Cards have arrived, more than last year.  Fortunately the card sending tradition here cannot stop, and almost everyone has been covered.  Still, each day's mail can arrive with a surprise or a news update.

Deciding on tips to those who provide services here is the usual source of angst.  Too little, too much, what a waste of mental energy.  It is unavoidable and should not be an issue.  The goal is to reward well but not ostentatiously.  Why should giving be difficult.

It is not that way with charities, but the research needed to decide is daunting.  That leads to fallbacks like MSF and local community funds in this town and hometowns.  That is still being decided. Certainly charity should not be driven by tax time, but the documentation of it is required.  Not a strong suit here so under reporting is a tradition as no problems are wanted.

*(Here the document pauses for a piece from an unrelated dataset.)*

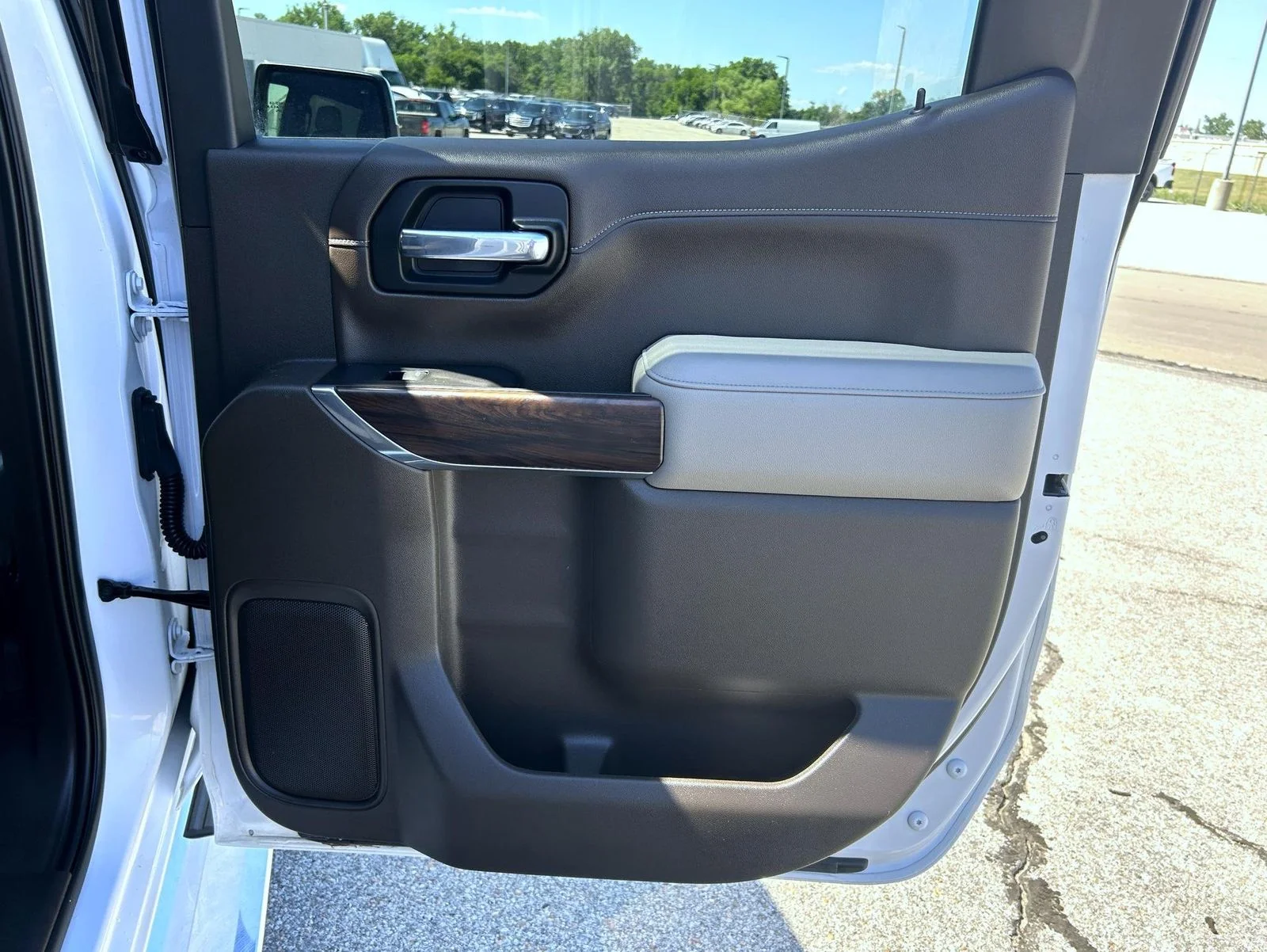 Certified Used 2022 White GMC SLT image 18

Just a holiday note from here of little consequence...




Wednesday, December 21, 2016

Ad selling on fake sites

The business section of today's NYT had a lead article about fake internet sites and ads sold on them. It is clearly a problem.  The bigger problem only tangentially focused on by the article is that some search engines seem to enable this knowingly.  Yahoo is the major culprit seen here.  For historical reasons it is a screen site here with various personal attachments.  There are no passwords or other secure data attached knowingly, but the site itself is rife with trash.

Their formulas for determining what should be seen here have always been wildly off base.  In the past golf stories showed up constantly for little reason.  Now the site is radically worse.  After a lead story or two that are legitimate, many items opened lead quickly to unwanted and unknown sites, without any action by the user.

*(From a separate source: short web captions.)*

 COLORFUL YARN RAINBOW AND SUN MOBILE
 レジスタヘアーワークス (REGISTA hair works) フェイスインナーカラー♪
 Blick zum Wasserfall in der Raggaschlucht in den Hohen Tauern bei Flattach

Yahoo is not only fading.  It is corrupt.  Buyer beware.  That means that Verizon must continue extreme due diligence.  And, can we finally close the book on so many trying to make excuses for Marissa Mayer's abysmal performance.  She is surely attractive looking, but is that why the scrutiny of her management skills has been so lax.  Does the media go out of its way not want to penalize her for being attractive. It seems that she still gets a pass.  There should be no question that she has not done well.

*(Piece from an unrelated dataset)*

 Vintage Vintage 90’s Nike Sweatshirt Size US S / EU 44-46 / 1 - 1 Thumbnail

While the stock has greatly appreciated from the lows that she created three years ago and we caught that move here, the firm is not attractive now.

Tuesday, December 20, 2016

Update...

A few crisis events here and there, in our home and around the world, and little has been posted here recently.  Last night, Woody Allen's "Cafe Society" was watched, which was an entertaining break. Jesse Eisenberg actually plays the Woody Allen role to a tee --- intonations, gestures, and body language that lead to the conclusion that the writer and director no longer needs to be on screen.  He has created his image.

Yesterday's terrorist events in Berlin and Ankara are beyond concerning.  Little events start big events unexpectedly.  The assassination of the Russian ambassador at a photography exhibit in a museum, an exhibit that was meant to highlight a connection between Russia and Turkey, was brazen madness on film for the world to see.  This does not rise to an Archduke Franz Ferdinand moment, but reminds us that something could.  The Berlin festival murders are more alarming, as the German right wing is already calling what happened to those festive shoppers "Merkel's dead".  Those types of pop up Christmas shops and food venues at Union Square and Columbus Circle were favorites here in Manhattan for many years.  Today they were no doubt fortified.

Meanwhile, back at the U.S. financial ranch, the news networks cannot get enough of the possibility of a Dow 20,000.  It's a news event and not a financial event.  It could easily happen this week absent any consequential news, and that will be followed at some point by the hedge fund shorts moving in later to wipe out the enthusiastic retail investors and the prospectus constrained mutual fund managers and drive the market back down.  So it goes.

Friday, December 16, 2016

Financial markets freeze

With the exception of some givebacks that were obvious and a few gains that were justified, the equity markets in the U.S. were stable today.  "Stable" is not a word that comes to mind to many investors whose worry is palpable.  The issue is, "where is the safe move?'

Some see the President-elect as a boost to the economy.  Even among those who doubt that, it is the ruling thought for the moment.  Go with it incrementally the market is saying, and there are few sellers now.  Everyone just sits.  Buyers just pick off weak bids for good companies that are out of favor.  That overall picture is not leading to robust activity, even as the robo-traders keep volumes up.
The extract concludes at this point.